The title of the book alludes to Marsh’s argument that the reform processes in Russia and China were very different from the start, so that there was no reason why one should necessarily be destined to follow the path that had been mapped out by the other. Moreover, in deciding what path to follow, the leaders of each country could, at least in principle, learn from the experience of the other. In fact, Marsh argues, Gorbachev deliberately decided not to follow the reform path mapped out by the Chinese in the early 1980s but instead blundered through the decade which ended with the collapse of the Soviet Union. The success of Chinese reform in itself shows, according to Marsh, that the collapse of Communism in the Soviet Union was by no means inevitable, but rather was ‘the very improbable result of a series of accidents of history and misguided policies’ (p. 3). The Chinese leadership, by contrast, was eager, in the wake of the Tiananmen events, to learn the lessons from the collapse of Communism in the Soviet Union and Central and Eastern Europe. This experience led to the reinforcement of the commitment of the Chinese leadership to a gradualist programme of economic reform with an increased emphasis on the maintenance of social stability and political order, whose spectacular success could not have been anticipated in advance.

The analysis provided by Marsh does beg a number of questions. In retrospect the contrast between the Soviet and the Chinese reform paths is very striking. China pursued radical economic reforms while retaining the Communist political system intact, while Gorbachev oversaw a radical democratisation of Soviet society while the programme of economic reform lagged far behind. However, it would be difficult to argue that this was Gorbachev’s intention. His programme was initially based on a pretty traditional package of economic reforms, while democratisation and the collapse of the political system was the outcome of the conflicts unleashed or intensified by economic reform. The contrast is then perhaps not so much that China and the Soviet Union followed alternative paths, but that China was able to accommodate the conflicts that accompanied economic reform within the existing political system, while Russia was not. The fact that reforms in China were economically successful, while in Russia they were not, made an enormous difference to the political outcomes. That, of course, begs the other question, of why reform succeeded in China but failed in Russia. Again, I think that it is very difficult to attribute the difference in outcome to radical differences in policy. The key difference is surely the prior level of development of each country, on the one hand, and its role in the globalising capitalist economy, on the other.

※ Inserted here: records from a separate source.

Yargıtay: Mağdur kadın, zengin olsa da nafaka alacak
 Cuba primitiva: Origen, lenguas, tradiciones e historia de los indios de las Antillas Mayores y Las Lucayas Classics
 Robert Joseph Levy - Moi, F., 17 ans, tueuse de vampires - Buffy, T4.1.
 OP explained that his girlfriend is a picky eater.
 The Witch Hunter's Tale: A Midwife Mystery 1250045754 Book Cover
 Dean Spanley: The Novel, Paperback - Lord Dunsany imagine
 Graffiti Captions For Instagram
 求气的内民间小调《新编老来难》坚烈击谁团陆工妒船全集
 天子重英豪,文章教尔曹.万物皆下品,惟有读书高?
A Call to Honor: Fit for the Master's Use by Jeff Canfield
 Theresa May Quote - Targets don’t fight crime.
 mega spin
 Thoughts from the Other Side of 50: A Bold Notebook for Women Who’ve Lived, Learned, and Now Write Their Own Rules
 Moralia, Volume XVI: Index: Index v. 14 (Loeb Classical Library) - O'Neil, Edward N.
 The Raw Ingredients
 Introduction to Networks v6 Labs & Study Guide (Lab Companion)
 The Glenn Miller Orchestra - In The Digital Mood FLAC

How interdependent were the Chinese and Russian reforms? Although we might expect them to learn from each other, Marsh actually provides very little evidence that they did so. If they were to learn from each other’s experience, the leaders of each country should regard the experience of the other as relevant to themselves and would require a thorough understanding of the experience of the other. In reality, neither condition applied. The Soviet leaders did not think that they had anything to learn from China for racist reasons, or, as Marsh more tactfully puts it, because they thought of China as an underdeveloped country. The Chinese did not think that they had anything to learn from the Soviet Union because the Soviet Union had long ago betrayed socialism. Correspondingly, the knowledge and understanding that the specialists in each country had of the other was very limited and their conceptions very stereotyped, so that there was little basis on which to draw any serious lessons. The strongest evidence for interdependence that Marsh provides is in his account of the reactions of the Chinese leadership to the collapse of Communism in Central and Eastern Europe and the Soviet Union, but there is no indication that the Chinese specialists had the first idea of why the Communist system collapsed and really the only lesson that they drew was to congratulate themselves on having maintained political stability and order, even to the extent of the severe repression after the Tiananmen crack-down.

Although I do not think that there is much here for specialists, the book is well-written and the evidence and argument clearly presented so that it will make a useful text for introductory courses.